KeyError

[steinbrl]

Hi,

I tried to pull an consensus from an Minimap2 Alignment. sam2consensus stops with the following error message: lars@helmut:~/Desktop/VZV/Carina_09_2021/VZV_ORF14_cmv/assembly-test/Scaffold$ python /home/lars/Desktop/NGS/sam2consensus-master/sam2consensus.py -f N -p final -i scaffold_mapping.sam

Processing file scaffold_mapping.sam:

SAM header processed, 1 references found.

0 reads processed. Traceback (most recent call last): File "/home/lars/Desktop/NGS/sam2consensus-master/sam2consensus.py", line 430, in main() File "/home/lars/Desktop/NGS/sam2consensus-master/sam2consensus.py", line 212, in main sequences[refname][pos_ref][nuc] += 1 KeyError: '*'

The .sam file seemed to be correct. There are no issues while importing and visualize it in CLC or Geneious.

Best,

Lars

[edgardomortiz]

Hi Lars,

Would you mind sharing a few thousand lines of your SAM file?, I haven't tried SAMs from minimap yet. It might be something related to that. You can email me directly if you don't want to share your file here in GitHub.

Edgardo

[steinbrl]

Wow, very fast reply :D I can share the whole file, it is not that big. It is the product of an reference based scaffolding step. So, it contains orientated contigs. scaffold_mapping.sam.zip

[edgardomortiz]

Thanks, I will take a look and get back in the new few days (pretty busy with work too)

[DenisTEMPE]

Hi Edgardo, hi Lars, I'm having the same kind of error while processing a locus in chr7 of sam files from either tophat2 or STAR. Thank you in advance, Denis

Processing file locus_accepted_hits.sam:

SAM header processed, 0 references found.
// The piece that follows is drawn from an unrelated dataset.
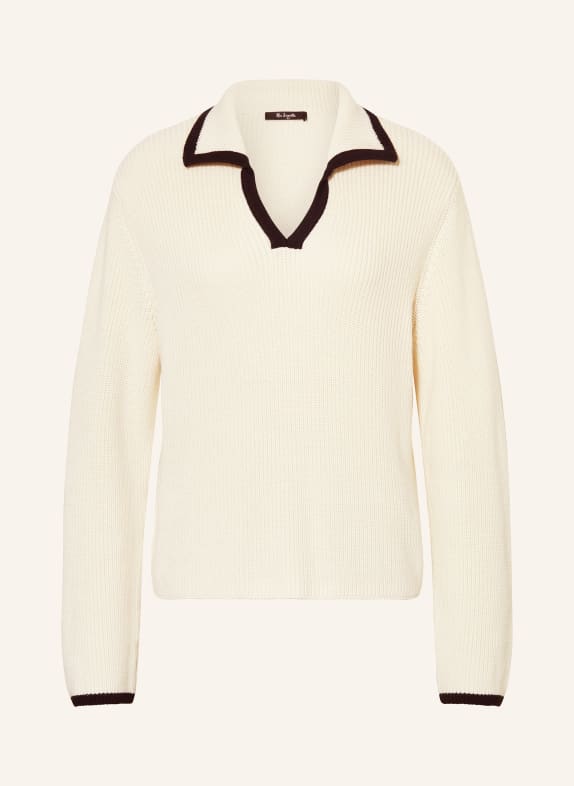 Miss Lagotte Pullover CREME / SCHWARZ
Traceback (most recent call last): File "sam2consensus.py", line 436, in main() File "sam2consensus.py", line 223, in main sequences[refname][pos_ref][nuc] += 1 KeyError: 'chr7'

locus_accepted_hits.zip

[edgardomortiz]

Sorry , it took me longer than I expected to check on your files. @steinbrl sam2consensus needs a SAM with full header information, also the SAM you sent doesn't have any CIGAR strings, perhaps you could provide the command you used to create this SAM? @DenisTEMPE your case is easier to solve, assuming these are the first lines of the SAM you got, perhaps you are obtaining the file through samtools view which without additional options skips the header, just add -h to your samtools view command to include the header in the output.

Edgardo

[DenisTEMPE]

Hi Edgardo, In ran sam2consensus with headers in the sam file. The job runs endless after "Start processing..." and is finally aborted :

Start processing...

Segmentation fault (core dumped) locus.sam.txt

[steinbrl]

Hey Edgardo,

I used Minimap2 for mapping. I switched now to bcftools to pull the consensus. It is only to scaffold the draftgenome out of contigs, after the denovo assembly. I found an workaround to do so…
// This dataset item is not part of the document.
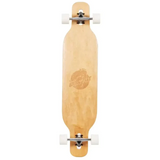 Two Bare Feet Flores Complete Longboard - White 42''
Thank you for your effort!

Best regards,

Lars

-- Lars Steinbrück Medizinische Hochschule Hannover Institut für Virologie OE 5230 AG Schulz/NGS/Genomics Geb. I6, Ebene 6, Raum 2060 Carl-Neuberg-Straße 1 30625 Hannover Tel.: ++49 (0)511 532 4313 Fax.: ++49 (0)511 532 8736

Von: Edgardo M. Ortiz @.> Gesendet: Mittwoch, 10. November 2021 09:14 An: edgardomortiz/sam2consensus @.> Cc: Steinbrück, Lars @.>; Mention @.> Betreff: Re: [edgardomortiz/sam2consensus] KeyError (#1)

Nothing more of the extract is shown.